Lettere in redazione Ragusa

Se palazzo Tumino diventa il Tribunale di Ragusa

Ci scrive l'avvocato Carmelo Scarso

Ragusa - Il silenzio è complice necessario delle iniziative riservate, soprattutto di natura pubblica, fino a quando non arrivano al punto di non ritorno. Infatti, tutto procede, in via riservata, per destinare il Palazzo Tumino ad ospitare l'attività giudiziaria dell'attuale Palazzo di Giustizia di Ragusa, che va definitivamente chiuso.

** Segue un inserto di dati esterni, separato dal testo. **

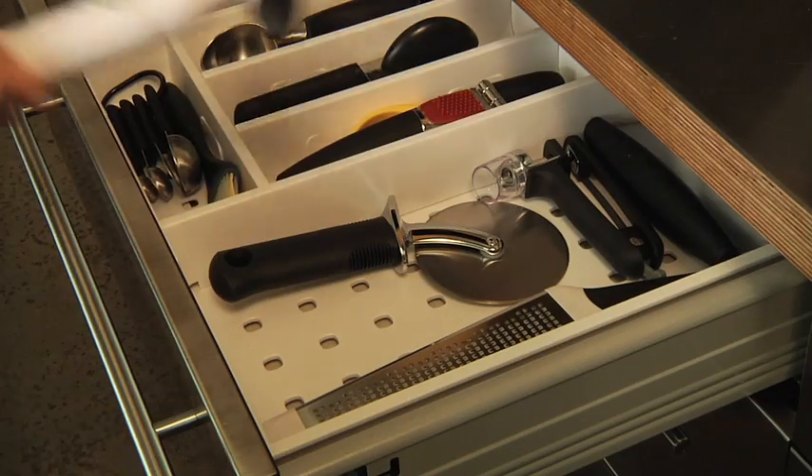This easy-to-clean pineapple slicer is compact enough to store in your utensil drawer. The pineapple slicer leaves the shell intact to fill with fruit for a perfect centerpiece.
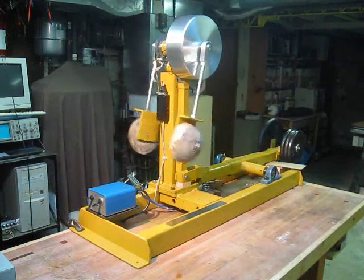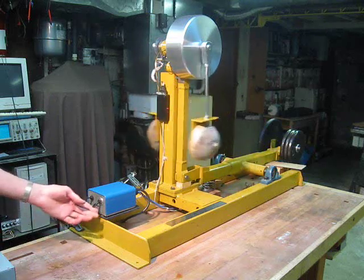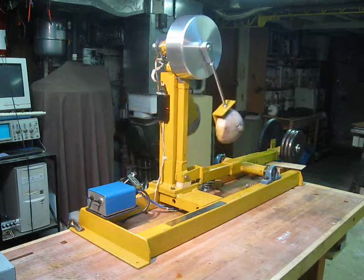So here's a brief run with the arm locked.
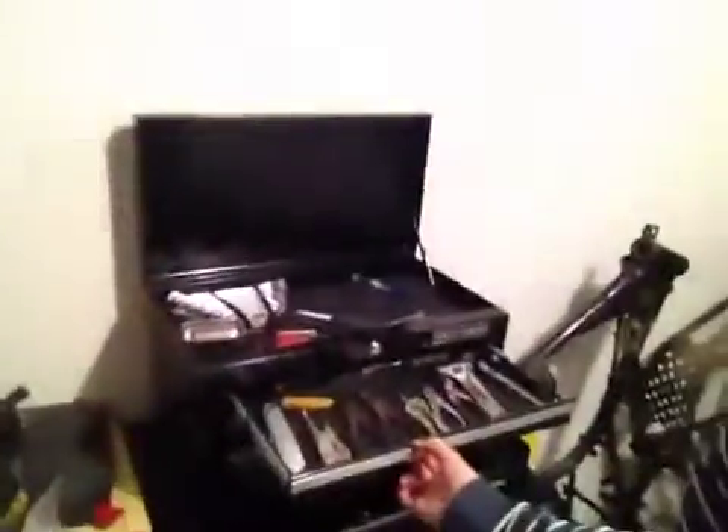Stuff's everywhere. You can see it's not very big here — we're pretty cramped right now. We've got this tool chest with all sorts of fun stuff. But yeah, this is the beginning of — who knows where it goes.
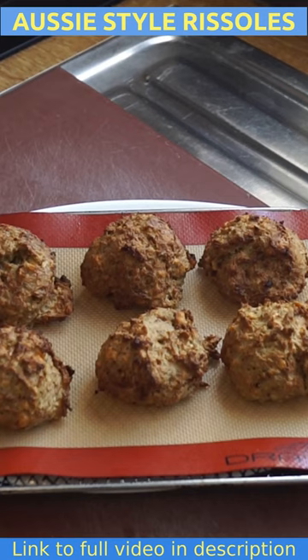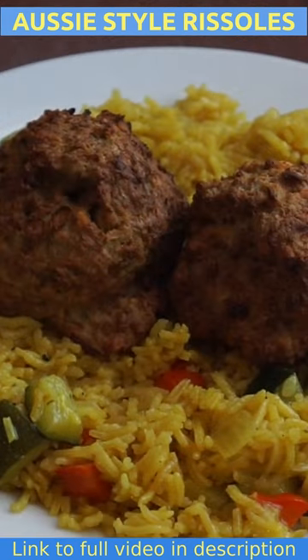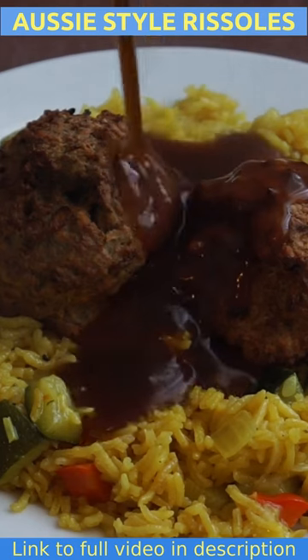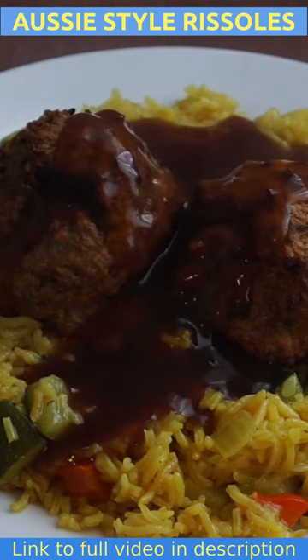I'm going to serve these on a bed of golden vegetable rice. There you have it — lovely Australian style rissoles served on a bed of golden vegetable rice. There'll be a link to that in the description below. I'm just going to pour some instant brown gravy on top.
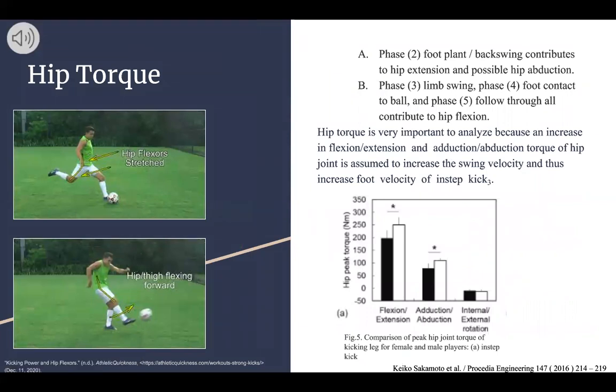Another biomechanical concept we looked at was hip torque. Hip torque happens very differently throughout the different phases. In phase two — the foot plant and backswing — it contributes to mostly hip extension and possible hip abduction. This can be seen in the top photo where the hip flexors are being stretched and the hip extensors are being used to create a more powerful kick. Whereas in phase three (limb swing), phase four (foot contact with the ball), and phase five (follow through), all contribute to hip flexion. This can be seen in the bottom photo where the hip and thigh are being flexed forward in order to kick the ball.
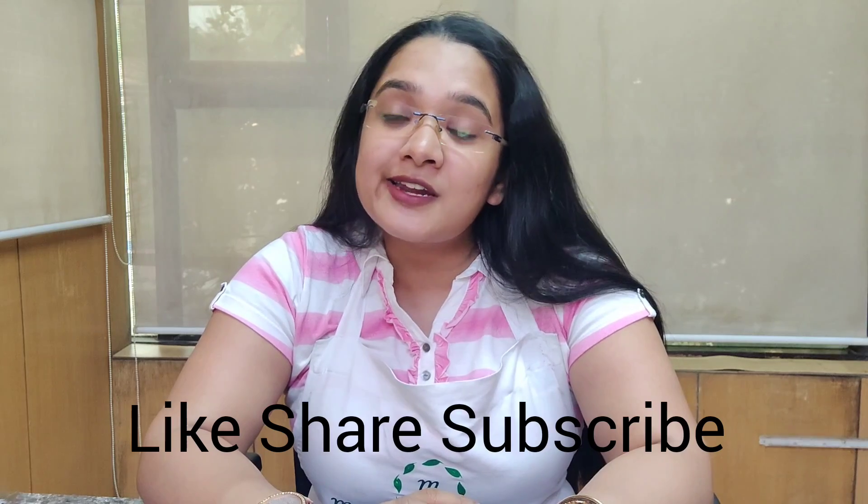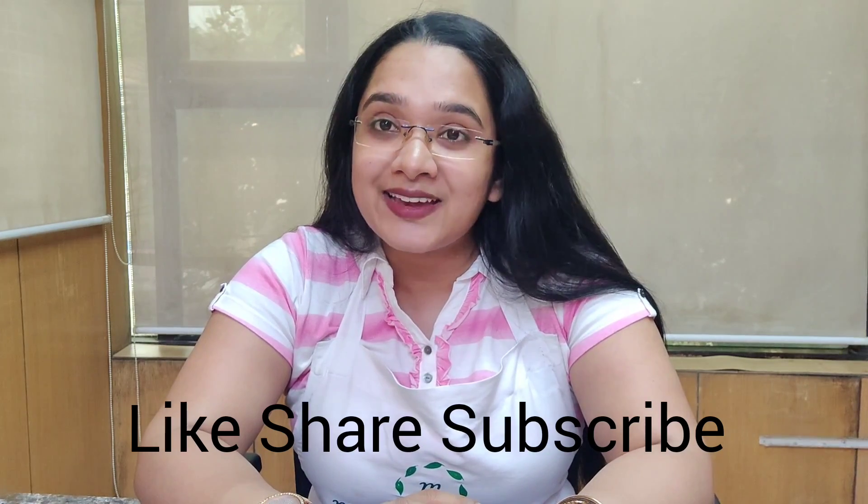Before going for today's DIY topic, I would like all of you to like, share, and subscribe to our channel, share with your friends, and also hit the bell icon.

Che ci sia una regia istituzionale dietro le quinte, che stia dirigendo le operazioni e dettando i tempi, è intuibile.
In questo contesto la missiva e l'invito del Presidente del Comitato pro-Tribunale di Modica, Avv. Enzo Galazzo, al Sindaco di Modica perché soprassieda a destinare i locali del dismesso Tribunale, è destinato a cadere nel nulla.
Pensate un po'. La ulteriore iniziativa del Sindaco di Modica (le prime sono fallite per ragioni di antieconomicità) di impegnare i locali per altre attività, darebbe via libera al Sindaco di Ragusa ad acquisire la disponibilità del Palazzo Tumino per trasferirvi tutte le attività giudiziarie.
Fantasie?
Mettiamola così. Il Sindaco del Comune di Ragusa procede:
1) all'acquisto da parte del Comune di Ragusa del Palazzo Tumino;
2) a dare in comodato gratuito al Ministero della Giustizia mq 6.000 circa di locali per destinarli ad attività giudiziaria;
3) ad affittare al Ministero, ad integrazione, altri mq. 2,500/3.0000 circa o più di locali del palazzo acquistando, che consentirebbe l'introito di un adeguato canone (magari nella misura necessaria per pagare annualmente il prestito della Cassa Depositi e Prestiti).

Tutto ciò sarebbe possibile, però, violando l'art. 10 (Clausola di invarianza) del D.Lgs. 7 Settembre 2012 n. 155, dettato in tema di riforma della geografia giudiziaria, ergo di soppressione dei cosiddetti Tribunali Minori, che così recita: “Dal presente provvedimento non devono derivare nuovi o maggiori oneri a carico della finanza pubblica. All'attuazione si provvede nell'ambito delle risorse umane strumentali e finanziarie disponibili a legislazione vigente”.
Ma, si sa: il silenzio copre queste ed altre disposizioni di legge in barba al contribuente. In ogni caso, chi se ne frega del contribuente, oggi?

Non c'è che dire: piano silenzioso e sotto traccia ben congegnato. Mi sorprende, pur tuttavia, l'iniziativa poco accorta del Sindaco di Modica, che, ove avesse un seguito, creerebbe i presupposti e le condizioni reali di una mancanza di alternativa territoriale circoscrizionale per allocare le attività giudiziarie (oggi il territorio dell'ex Tribunale di Modica fa parte della circoscrizione di Ragusa) a costo zero ed esente di onerosissimi costi, oltre che di acquisto, di adeguamento, che sarebbero indispensabili per rendere i locali del Palazzo Tumino utili e fruibili.
Se così è, consiglierei al Sindaco del Comune di Ragusa di andare a leggere le vicende del Palazzo Tumino, soprattutto quelle finanziarie e bancarie risalenti alla Cassa Centrale di Risparmio V.E..
Ne sono sicuro, ne prenderebbe le distanze.